Thursday, December 6, 2012

PHP + OpenOffice|LibreOffice = EXCEL & PDF Generator

To use OpenOffice from command-line to convert files is like this:

soffice -invisible -convert-to xls myfile.xml

In this case convert a xml file to xls. If you want a PDF file just change to:

soffice -invisible -convert-to pdf myfile.doc

You can use any kind of files supported by OpenOffice as input, and can define the parameter -convert-to to any format supported by Open Office.

I will now just talk about xml to xls, because is very most trick.

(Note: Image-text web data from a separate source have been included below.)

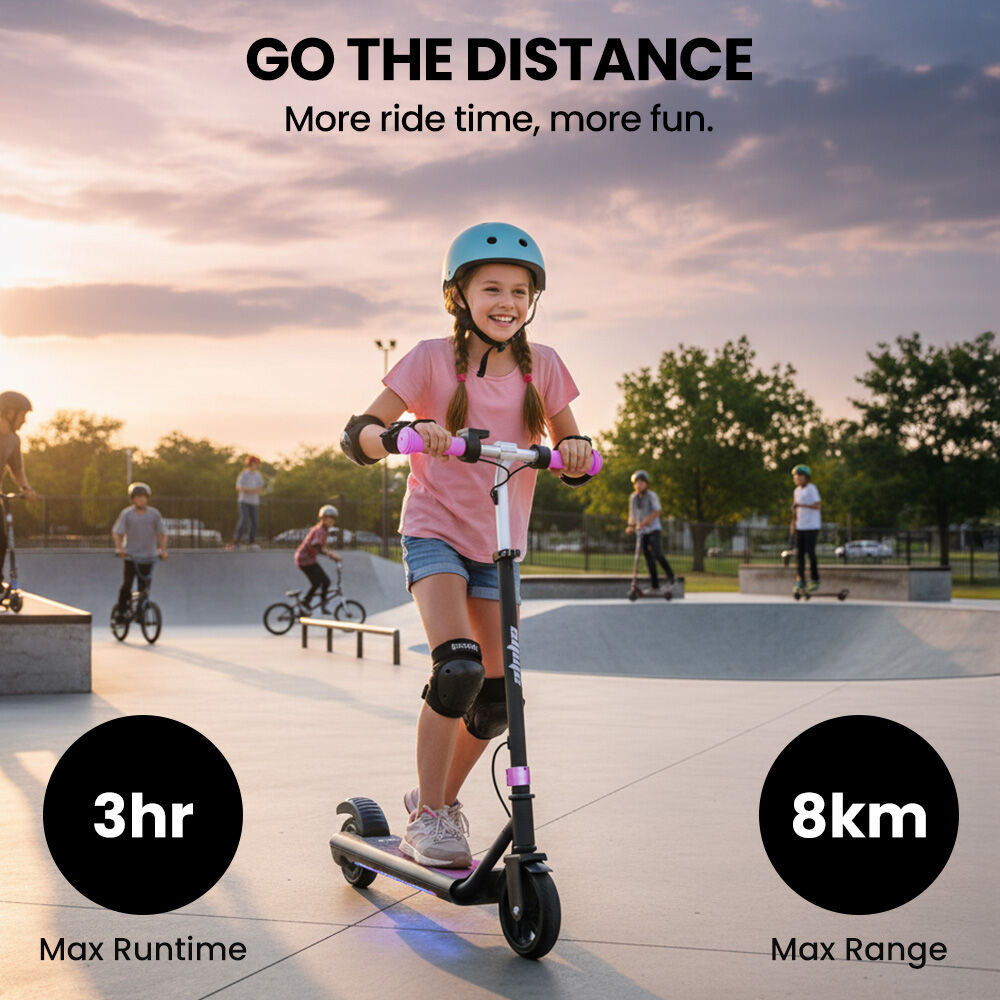 ALPHA Edge Electric Scooter Kids/Teens, 16km/h Max, Adjustable Height, UL Certified, AU Compliant, Dual Brakes, Bluetooth Music, LED, Pink - Image 3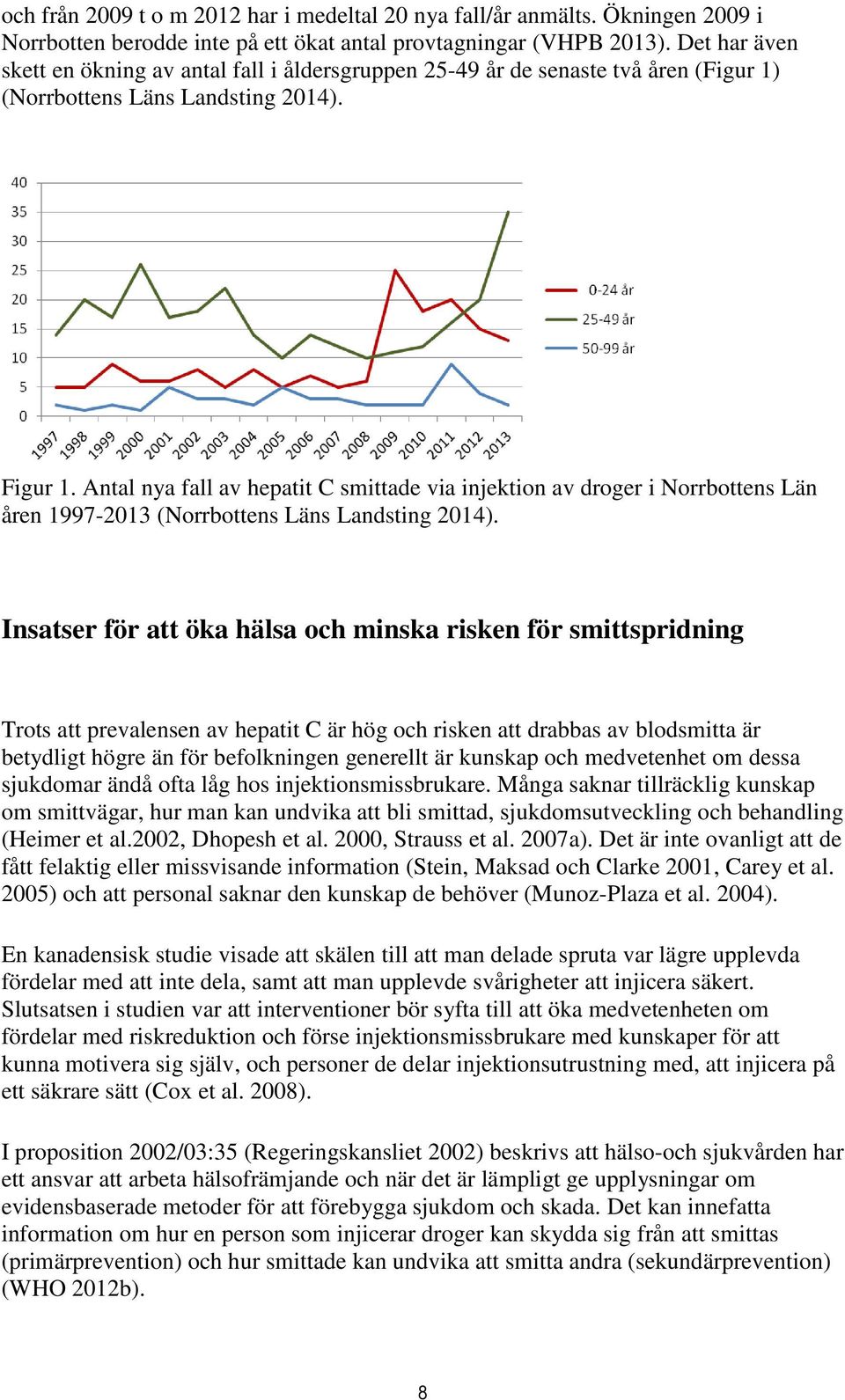 Antal nya fall av hepatit C smittade via injektion av droger i Norrbottens Län åren 1997-2013 (Norrbottens Läns Landsting 2014).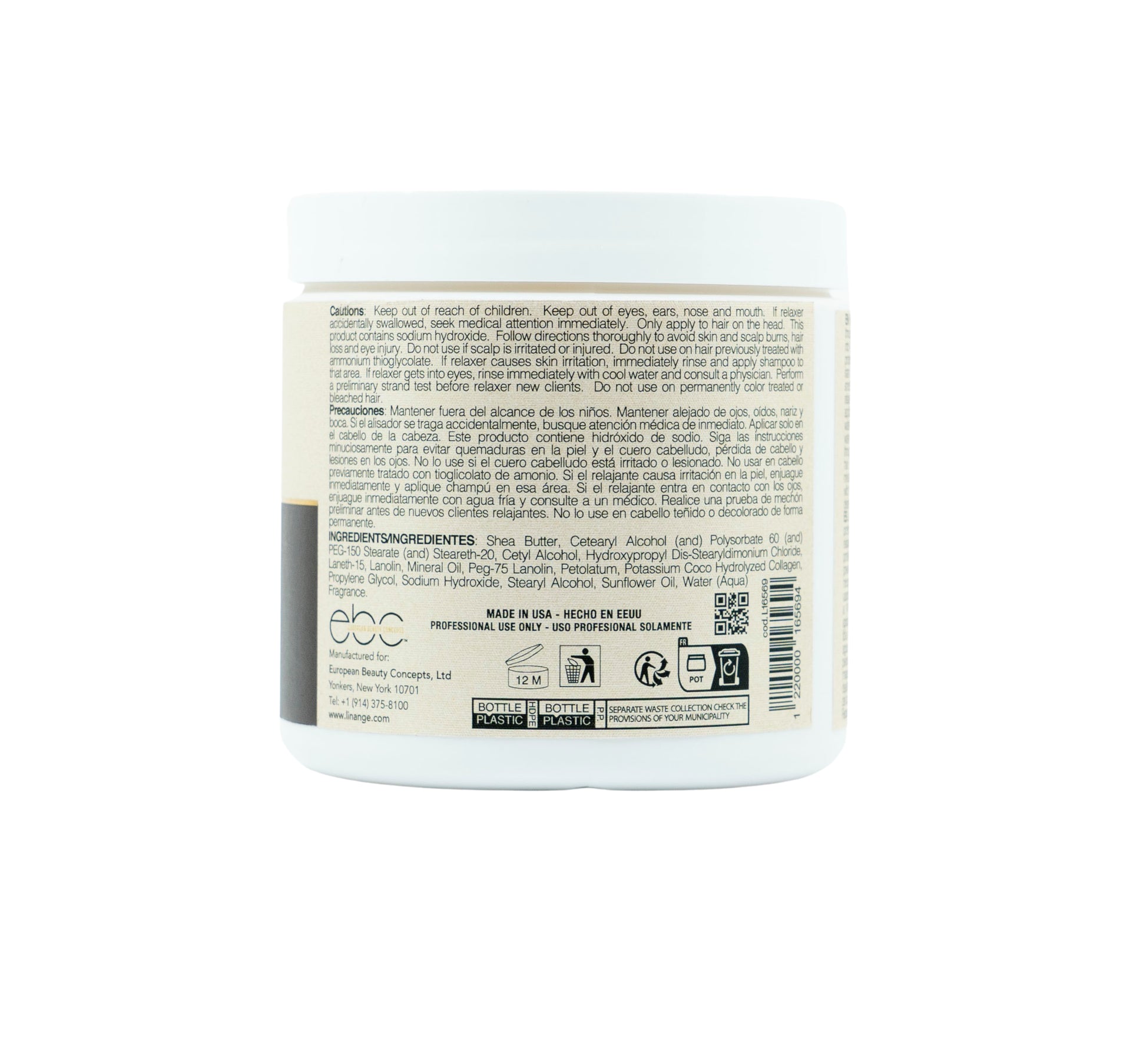Back label of professional hair relaxer jar with usage instructions, ingredients, and safety warnings for salon use.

And to PDF is simple like that above, nothing more to say about it.

To generate a xml valid to Open Office is not easy because the character encode, in my case portuguese iso-8859-15. I had a nightmare, but at end was more simple than seemed.

I save my data in DB utf8_encode then I have to use this function stringToExcelXML to decode and convert to XML special characters format.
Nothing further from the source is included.